Richard_Ngo 25 Feb 2021 17:09 UTC
LW: 4 AF: 2
0
AF
I think ‘robust instrumentality’ is basically correct for optimal actions, because there’s no question of ‘emergence’: optimal actions just are.
If I were to put my objection another way: I usually interpret “robust” to mean something like “stable under perturbations”. But the perturbation of “change the environment, and then see what the new optimal policy is” is a rather unnatural one to think about; most ML people would more naturally think about perturbing an agent’s inputs, or its state, and seeing whether it still behaved instrumentally.
A more accurate description might be something like “ubiquitous instrumentality”? But this isn’t a very aesthetically pleasing name.
- TurnTrout 25 Feb 2021 17:26 UTC
  LW: 4 AF: 3
  0
  AF Parent
  But the perturbation of “change the environment, and then see what the new optimal policy is” is a rather unnatural one to think about; most ML people would more naturally think about perturbing an agent’s inputs, or its state, and seeing whether it still behaved instrumentally.
  Ah.

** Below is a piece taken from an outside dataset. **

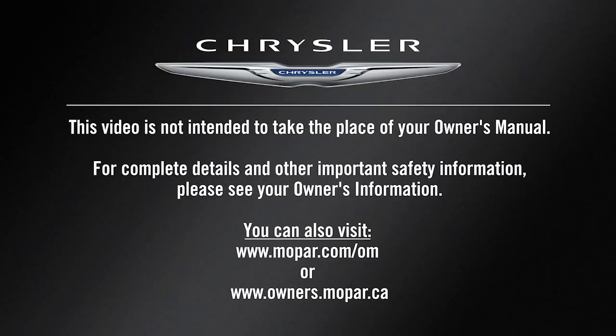This video is not intended to take the place of your owner's manual. For complete details and other important safety information, please see your owner's information.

To clarify, I was referring to holding an environment fixed, and then considering whether, at a given state, an action has a high probability of being optimal across reward functions. I think it makes to call those actions ‘robustly instrumental.’
- TurnTrout 25 Feb 2021 17:28 UTC
  LW: 2 AF: 2
  0
  AF Parent
  A more accurate description might be something like “ubiquitous instrumentality”? But this isn’t a very aesthetically pleasing name.
  I’d considered ‘attractive instrumentality’ a few days ago, to convey the idea that certain kinds of subgoals are attractor points during plan formulation, but the usual reading of ‘attractive’ isn’t ‘having attractor-like properties.’